Assignment>
Pick out each line in these entries that contains the string "City".

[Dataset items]

--- START ---

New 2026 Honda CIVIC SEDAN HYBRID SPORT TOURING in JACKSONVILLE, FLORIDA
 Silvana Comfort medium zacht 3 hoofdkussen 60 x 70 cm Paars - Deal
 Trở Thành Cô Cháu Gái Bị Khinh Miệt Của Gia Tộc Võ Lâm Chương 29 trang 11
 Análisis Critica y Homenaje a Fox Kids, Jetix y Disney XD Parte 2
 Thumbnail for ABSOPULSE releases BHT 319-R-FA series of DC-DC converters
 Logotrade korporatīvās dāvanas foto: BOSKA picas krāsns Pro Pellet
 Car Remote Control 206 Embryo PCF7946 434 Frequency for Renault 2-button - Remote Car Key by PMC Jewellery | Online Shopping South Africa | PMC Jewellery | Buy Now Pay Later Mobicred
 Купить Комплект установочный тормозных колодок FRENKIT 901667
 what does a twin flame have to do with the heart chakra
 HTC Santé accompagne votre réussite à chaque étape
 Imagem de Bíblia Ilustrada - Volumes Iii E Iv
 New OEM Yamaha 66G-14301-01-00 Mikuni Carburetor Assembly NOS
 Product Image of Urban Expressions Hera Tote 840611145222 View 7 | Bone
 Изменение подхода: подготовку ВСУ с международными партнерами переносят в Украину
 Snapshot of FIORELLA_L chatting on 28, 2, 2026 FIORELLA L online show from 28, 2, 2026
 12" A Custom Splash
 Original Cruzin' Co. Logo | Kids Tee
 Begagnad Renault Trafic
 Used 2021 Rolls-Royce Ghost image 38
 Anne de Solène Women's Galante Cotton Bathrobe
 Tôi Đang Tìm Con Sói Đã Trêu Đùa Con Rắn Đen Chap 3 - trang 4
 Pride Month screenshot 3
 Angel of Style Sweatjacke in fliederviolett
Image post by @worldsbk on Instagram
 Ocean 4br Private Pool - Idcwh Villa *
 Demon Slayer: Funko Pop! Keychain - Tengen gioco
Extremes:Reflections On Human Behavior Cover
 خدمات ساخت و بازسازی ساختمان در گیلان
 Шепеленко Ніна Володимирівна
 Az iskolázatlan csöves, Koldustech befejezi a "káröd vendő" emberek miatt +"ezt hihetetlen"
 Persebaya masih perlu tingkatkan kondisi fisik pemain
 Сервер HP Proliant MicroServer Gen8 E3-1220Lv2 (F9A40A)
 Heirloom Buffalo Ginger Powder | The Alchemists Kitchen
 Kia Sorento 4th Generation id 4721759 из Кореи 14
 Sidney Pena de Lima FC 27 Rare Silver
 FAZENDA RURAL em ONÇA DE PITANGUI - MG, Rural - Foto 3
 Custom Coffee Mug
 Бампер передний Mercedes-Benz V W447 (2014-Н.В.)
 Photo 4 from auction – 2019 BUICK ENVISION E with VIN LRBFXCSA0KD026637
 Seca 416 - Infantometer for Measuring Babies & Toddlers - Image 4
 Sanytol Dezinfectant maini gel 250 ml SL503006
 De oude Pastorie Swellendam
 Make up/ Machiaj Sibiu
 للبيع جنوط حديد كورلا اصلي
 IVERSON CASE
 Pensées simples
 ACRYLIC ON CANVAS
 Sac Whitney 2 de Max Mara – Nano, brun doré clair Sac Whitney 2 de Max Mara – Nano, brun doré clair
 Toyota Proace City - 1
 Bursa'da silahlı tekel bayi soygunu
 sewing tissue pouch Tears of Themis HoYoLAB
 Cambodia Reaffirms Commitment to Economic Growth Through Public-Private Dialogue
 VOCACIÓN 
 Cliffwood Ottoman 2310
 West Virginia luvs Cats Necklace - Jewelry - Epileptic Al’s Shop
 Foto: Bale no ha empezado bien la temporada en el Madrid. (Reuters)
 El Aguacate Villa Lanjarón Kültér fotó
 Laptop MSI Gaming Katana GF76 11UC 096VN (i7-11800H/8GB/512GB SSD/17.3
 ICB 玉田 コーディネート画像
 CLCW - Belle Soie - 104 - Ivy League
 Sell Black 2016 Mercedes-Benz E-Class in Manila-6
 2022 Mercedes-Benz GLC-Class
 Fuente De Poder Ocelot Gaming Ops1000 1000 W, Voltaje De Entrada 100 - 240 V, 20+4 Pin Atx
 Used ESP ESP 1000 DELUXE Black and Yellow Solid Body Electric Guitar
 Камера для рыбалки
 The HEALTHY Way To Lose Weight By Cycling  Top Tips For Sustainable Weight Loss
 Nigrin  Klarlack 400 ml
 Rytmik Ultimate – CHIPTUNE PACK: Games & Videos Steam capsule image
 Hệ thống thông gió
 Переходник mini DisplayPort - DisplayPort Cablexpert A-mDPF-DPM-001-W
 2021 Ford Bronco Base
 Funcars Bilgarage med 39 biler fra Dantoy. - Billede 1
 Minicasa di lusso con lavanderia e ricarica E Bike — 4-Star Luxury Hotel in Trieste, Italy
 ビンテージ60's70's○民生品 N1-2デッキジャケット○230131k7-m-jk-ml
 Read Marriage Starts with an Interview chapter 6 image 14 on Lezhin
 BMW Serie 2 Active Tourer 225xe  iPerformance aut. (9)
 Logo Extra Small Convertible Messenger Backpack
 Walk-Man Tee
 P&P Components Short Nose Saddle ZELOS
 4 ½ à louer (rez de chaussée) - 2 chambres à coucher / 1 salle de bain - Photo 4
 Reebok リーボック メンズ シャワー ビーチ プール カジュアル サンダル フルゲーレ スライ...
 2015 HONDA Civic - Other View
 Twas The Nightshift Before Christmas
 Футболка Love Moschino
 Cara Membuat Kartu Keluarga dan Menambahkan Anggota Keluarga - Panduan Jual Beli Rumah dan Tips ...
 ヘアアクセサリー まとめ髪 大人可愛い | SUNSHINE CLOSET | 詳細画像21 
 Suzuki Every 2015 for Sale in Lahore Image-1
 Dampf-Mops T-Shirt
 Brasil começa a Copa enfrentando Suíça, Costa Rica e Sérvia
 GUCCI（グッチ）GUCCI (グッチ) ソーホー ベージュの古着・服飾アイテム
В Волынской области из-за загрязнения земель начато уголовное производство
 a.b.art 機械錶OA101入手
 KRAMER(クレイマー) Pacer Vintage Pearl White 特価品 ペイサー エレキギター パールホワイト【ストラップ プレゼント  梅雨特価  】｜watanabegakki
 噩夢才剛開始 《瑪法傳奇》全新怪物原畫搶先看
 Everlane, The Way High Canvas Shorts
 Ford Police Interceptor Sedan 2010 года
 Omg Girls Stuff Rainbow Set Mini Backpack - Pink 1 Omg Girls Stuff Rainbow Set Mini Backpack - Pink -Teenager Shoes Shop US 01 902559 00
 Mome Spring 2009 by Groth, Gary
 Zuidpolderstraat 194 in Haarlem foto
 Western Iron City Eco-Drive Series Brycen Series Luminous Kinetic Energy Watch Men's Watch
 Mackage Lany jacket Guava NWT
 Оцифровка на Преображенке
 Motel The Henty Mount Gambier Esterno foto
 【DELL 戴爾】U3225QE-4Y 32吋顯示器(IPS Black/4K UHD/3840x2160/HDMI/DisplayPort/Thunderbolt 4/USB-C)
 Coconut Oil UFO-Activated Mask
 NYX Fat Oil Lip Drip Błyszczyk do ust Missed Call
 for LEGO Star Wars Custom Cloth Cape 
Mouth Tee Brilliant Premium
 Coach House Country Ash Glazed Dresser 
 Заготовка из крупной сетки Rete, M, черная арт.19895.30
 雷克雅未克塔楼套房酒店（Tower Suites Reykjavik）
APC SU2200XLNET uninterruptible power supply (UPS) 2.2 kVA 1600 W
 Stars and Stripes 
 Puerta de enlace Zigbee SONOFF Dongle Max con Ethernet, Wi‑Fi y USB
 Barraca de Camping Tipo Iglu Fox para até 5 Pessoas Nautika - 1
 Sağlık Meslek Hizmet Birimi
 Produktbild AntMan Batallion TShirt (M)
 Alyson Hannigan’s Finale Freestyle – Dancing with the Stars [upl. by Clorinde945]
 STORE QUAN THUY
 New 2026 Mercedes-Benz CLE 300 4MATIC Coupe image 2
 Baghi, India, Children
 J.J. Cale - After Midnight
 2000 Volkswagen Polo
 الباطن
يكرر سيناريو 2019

--- END ---

Written solution>
 Toyota Proace City - 1
 Western Iron City Eco-Drive Series Brycen Series Luminous Kinetic Energy Watch Men's Watch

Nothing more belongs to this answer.